- What is needed: Stop after the line that contains "heart, watermelon, red". Until then, retype each line of the entries exactly from the first one, skipping pictures.

= Beginning of Section =

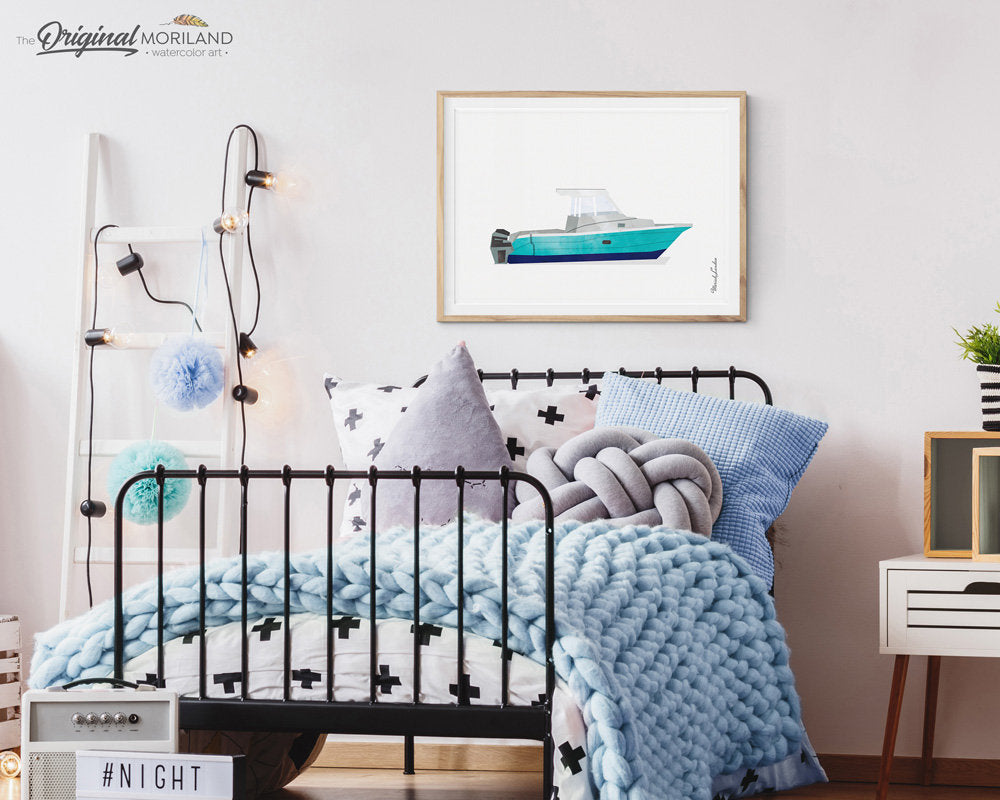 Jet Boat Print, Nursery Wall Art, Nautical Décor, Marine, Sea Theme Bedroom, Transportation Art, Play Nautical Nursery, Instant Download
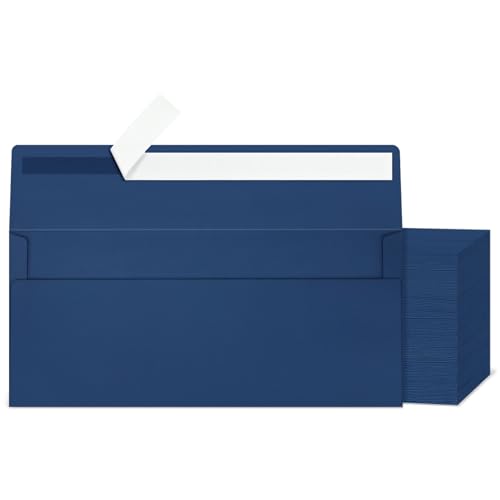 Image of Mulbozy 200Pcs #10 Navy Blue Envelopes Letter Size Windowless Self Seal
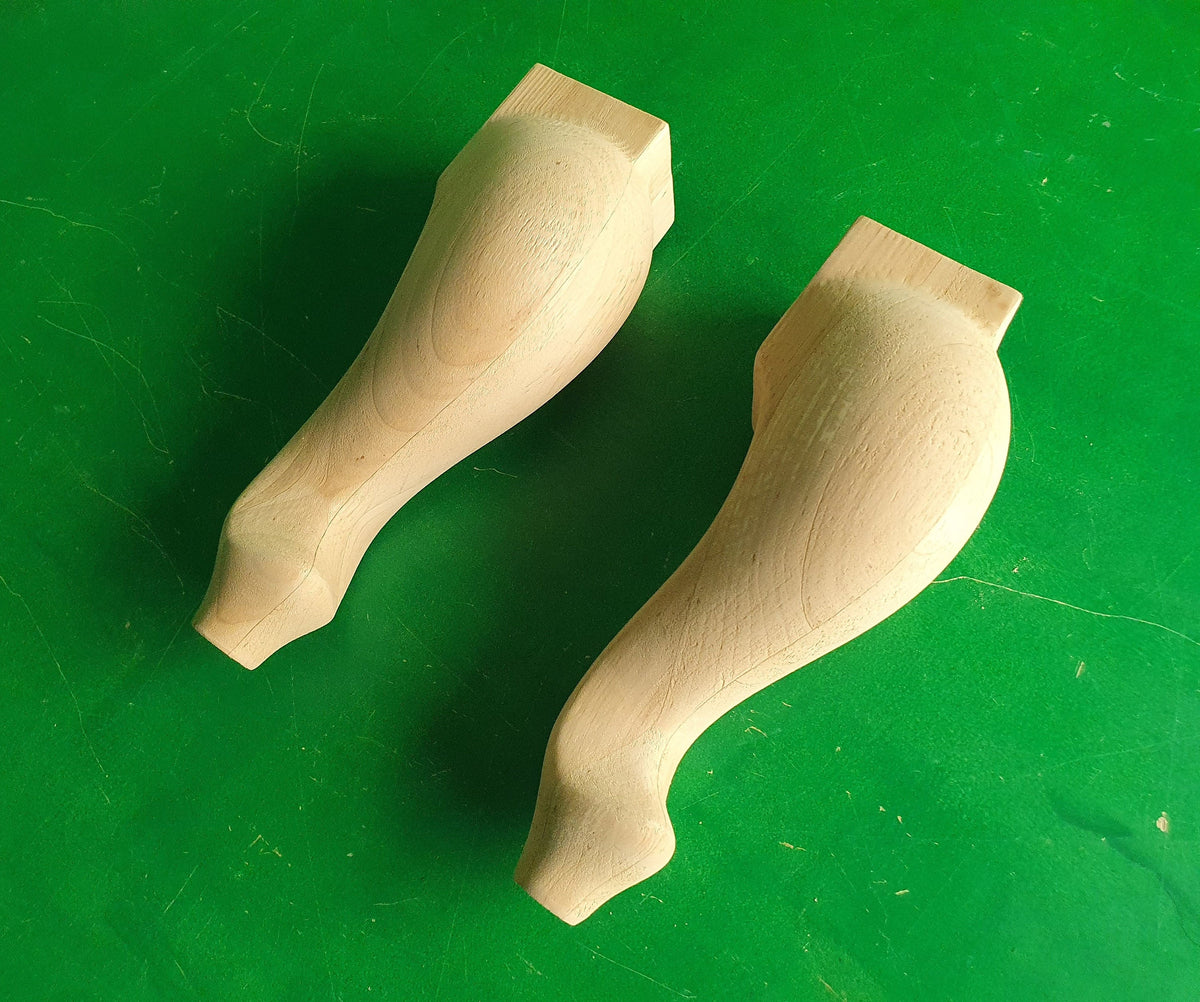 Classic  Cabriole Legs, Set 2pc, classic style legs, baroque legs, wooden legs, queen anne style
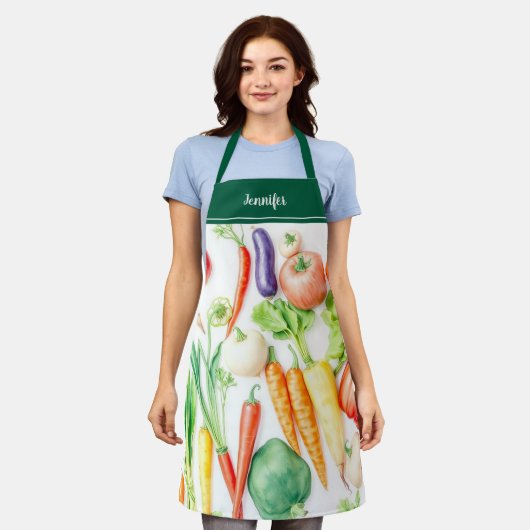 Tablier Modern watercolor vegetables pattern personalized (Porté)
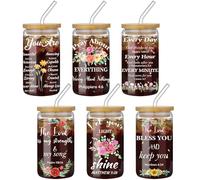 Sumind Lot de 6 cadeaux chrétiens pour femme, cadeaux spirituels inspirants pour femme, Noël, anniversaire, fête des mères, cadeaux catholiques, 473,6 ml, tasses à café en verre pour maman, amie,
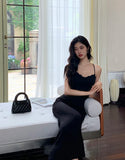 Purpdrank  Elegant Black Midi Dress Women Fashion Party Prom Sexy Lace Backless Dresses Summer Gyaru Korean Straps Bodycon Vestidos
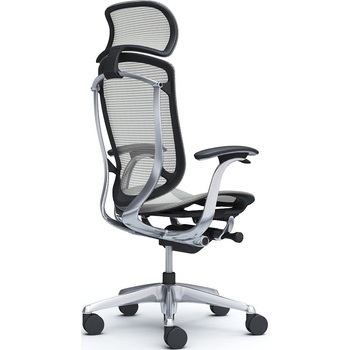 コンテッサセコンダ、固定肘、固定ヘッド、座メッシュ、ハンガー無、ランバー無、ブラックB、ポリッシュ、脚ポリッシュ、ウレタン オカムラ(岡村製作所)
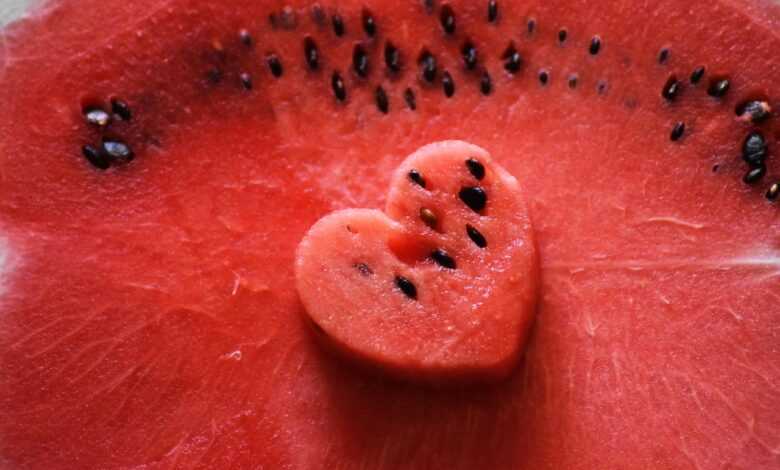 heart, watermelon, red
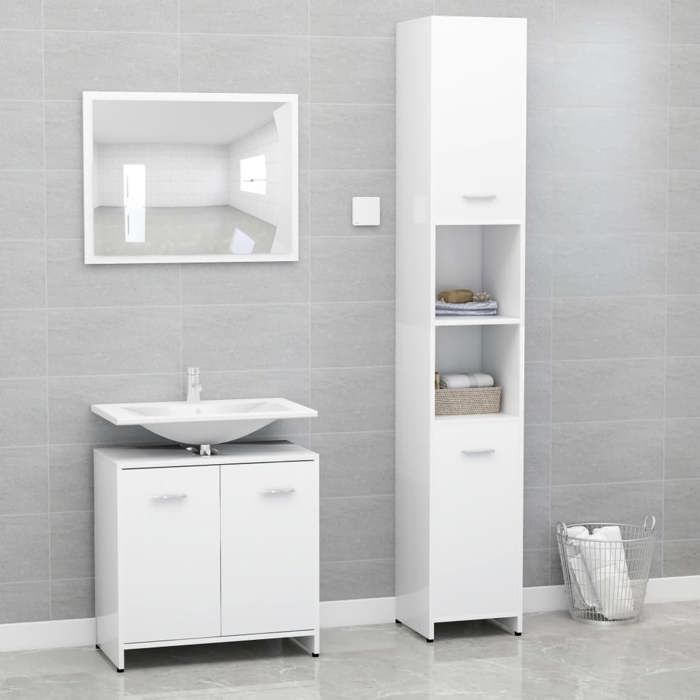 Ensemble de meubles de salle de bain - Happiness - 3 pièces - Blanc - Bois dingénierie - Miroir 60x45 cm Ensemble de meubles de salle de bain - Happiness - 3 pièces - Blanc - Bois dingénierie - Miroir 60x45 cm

= End of Section =

- Output of the exercise:
 Jet Boat Print, Nursery Wall Art, Nautical Décor, Marine, Sea Theme Bedroom, Transportation Art, Play Nautical Nursery, Instant Download
 Image of Mulbozy 200Pcs #10 Navy Blue Envelopes Letter Size Windowless Self Seal
 Classic  Cabriole Legs, Set 2pc, classic style legs, baroque legs, wooden legs, queen anne style
 Tablier Modern watercolor vegetables pattern personalized (Porté)
 Sumind Lot de 6 cadeaux chrétiens pour femme, cadeaux spirituels inspirants pour femme, Noël, anniversaire, fête des mères, cadeaux catholiques, 473,6 ml, tasses à café en verre pour maman, amie,
 Purpdrank  Elegant Black Midi Dress Women Fashion Party Prom Sexy Lace Backless Dresses Summer Gyaru Korean Straps Bodycon Vestidos
 コンテッサセコンダ、固定肘、固定ヘッド、座メッシュ、ハンガー無、ランバー無、ブラックB、ポリッシュ、脚ポリッシュ、ウレタン オカムラ(岡村製作所)
 heart, watermelon, red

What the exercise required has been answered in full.